Extracted data entries
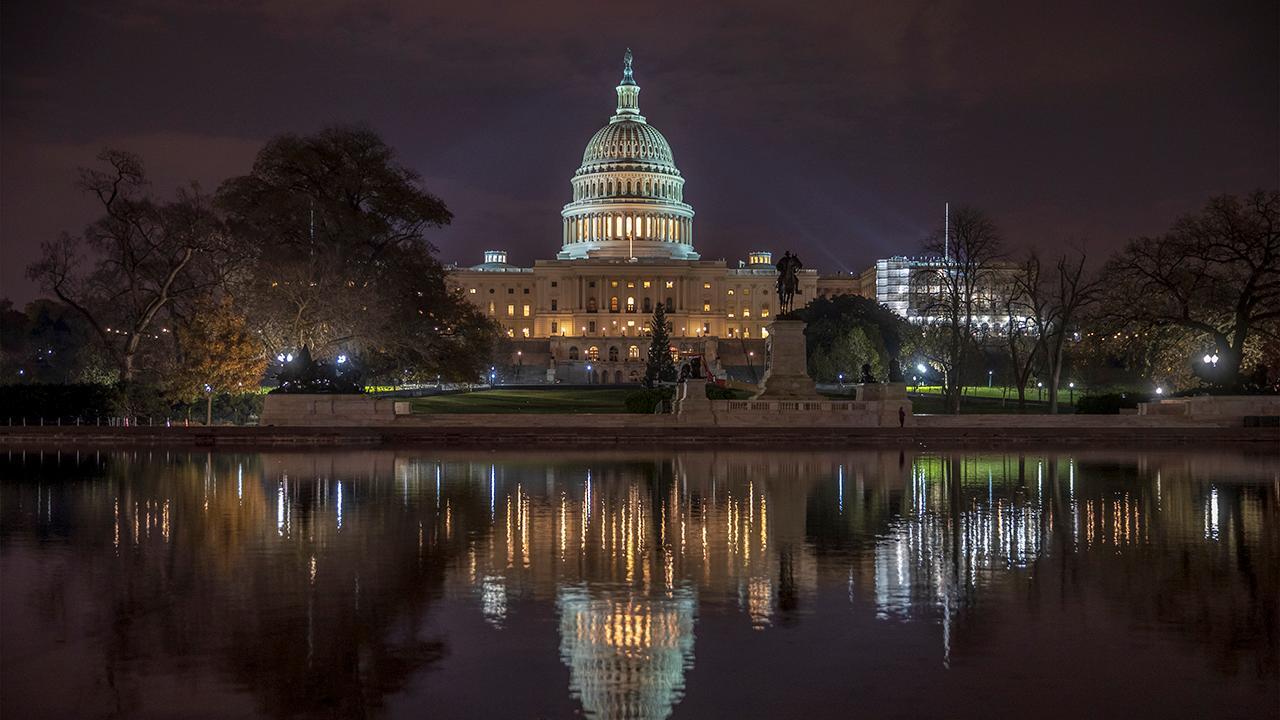 Democrats eyeing 2020 bids push for income handouts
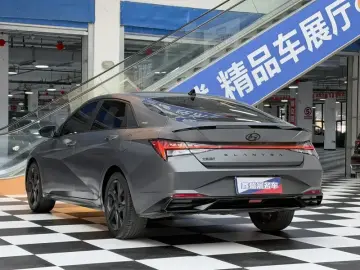 2022 Hyundai Elantra Plug-in Hybrid с пробегом 37 000 км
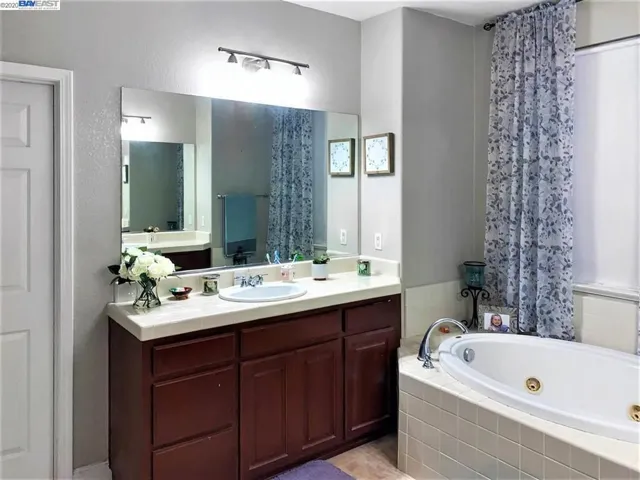 1721 Cherry Blossom Ln, Tracy, California 95377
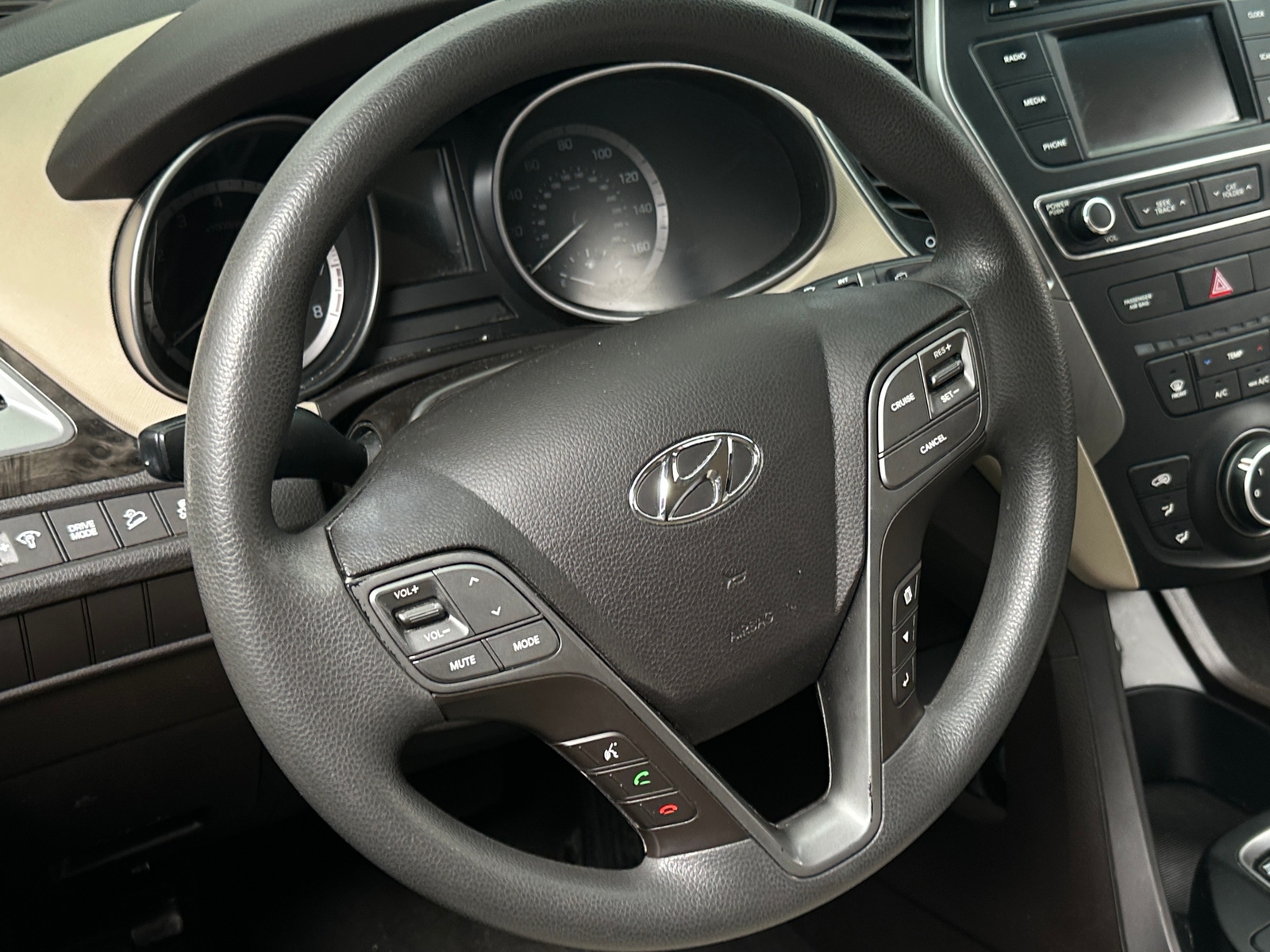 Thumbnail: 2017 Hyundai Santa Fe - 5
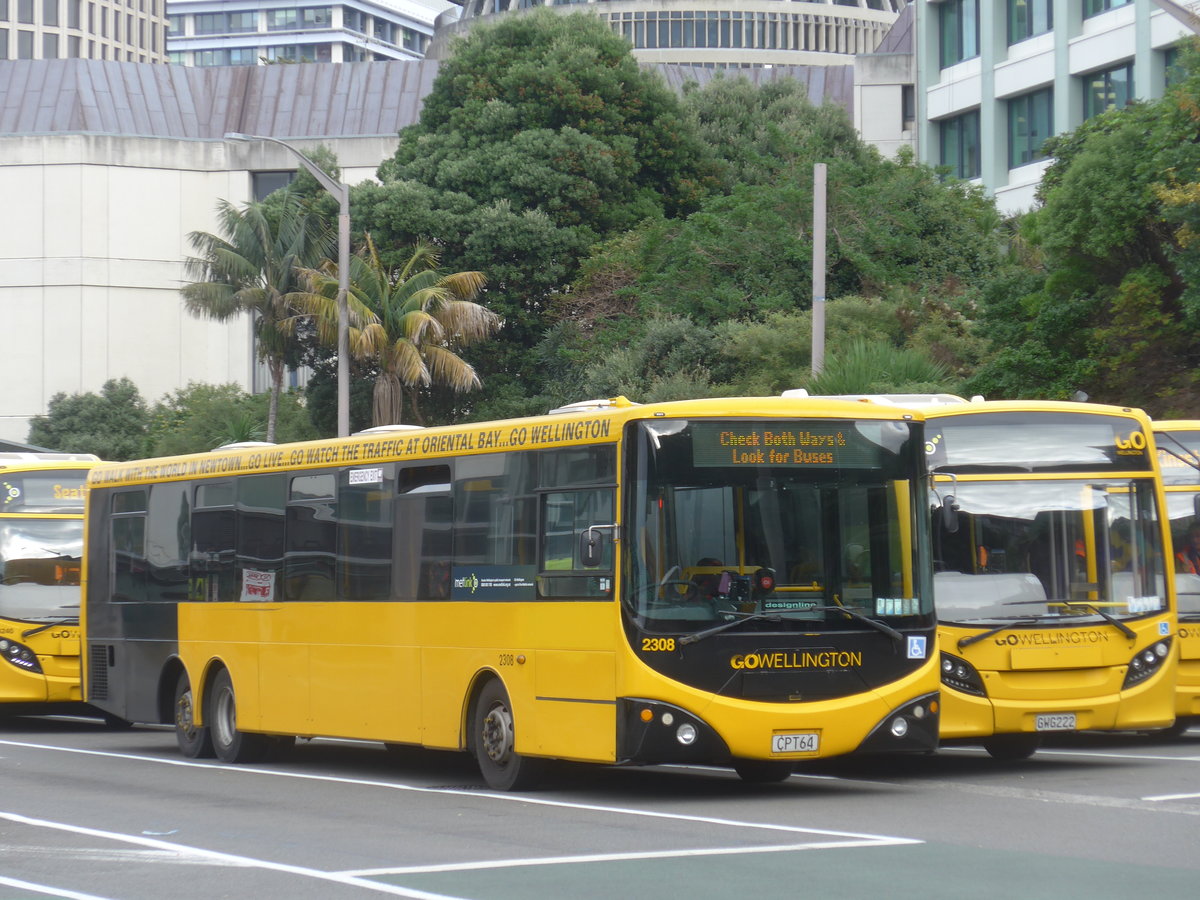(191'612) - GO Wellington - Nr. 2308/CPT64 - MAN/Designline (ex Red Bus, Christchurch Nr. 695) am 27. April 2018 beim Bahnhof Wellington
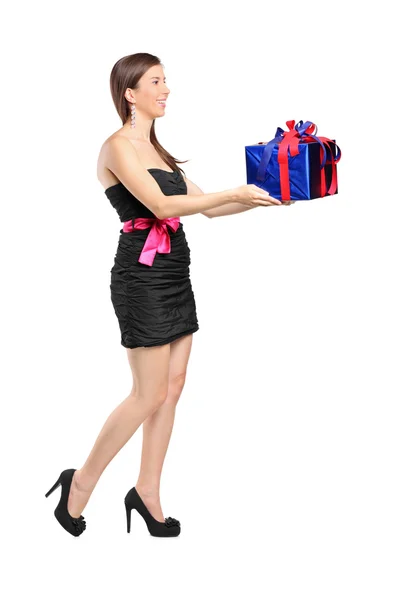 Mujer sosteniendo regalo — Foto de Stock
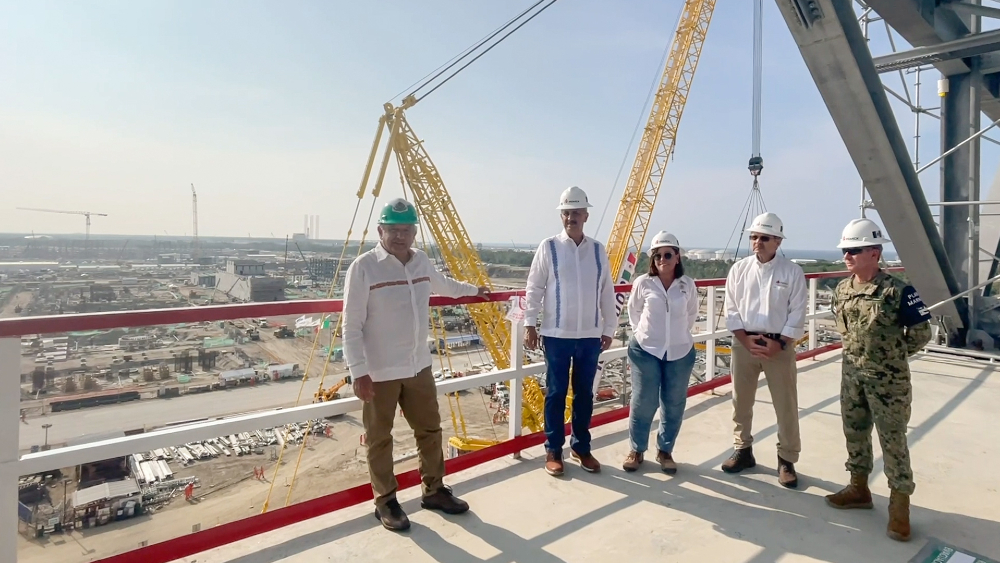 AMLO puso fecha de inauguración y nuevo nombre a refinería de Dos Bocas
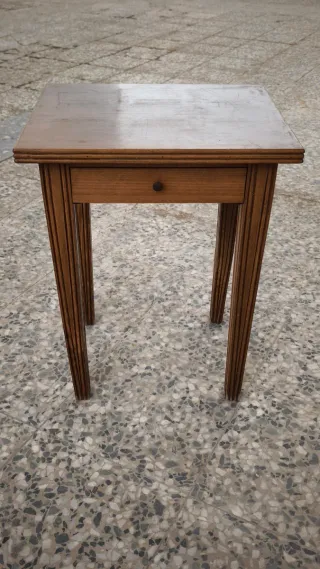 Mesa auxiliar de madera Mexita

ASSIGNMENT
An exact copy is required of the lines from the one holding "AMLO puso fecha" to the end of the entries above, both included; no pictures belong in it.

WRITTEN ANSWER
 AMLO puso fecha de inauguración y nuevo nombre a refinería de Dos Bocas
 Mesa auxiliar de madera Mexita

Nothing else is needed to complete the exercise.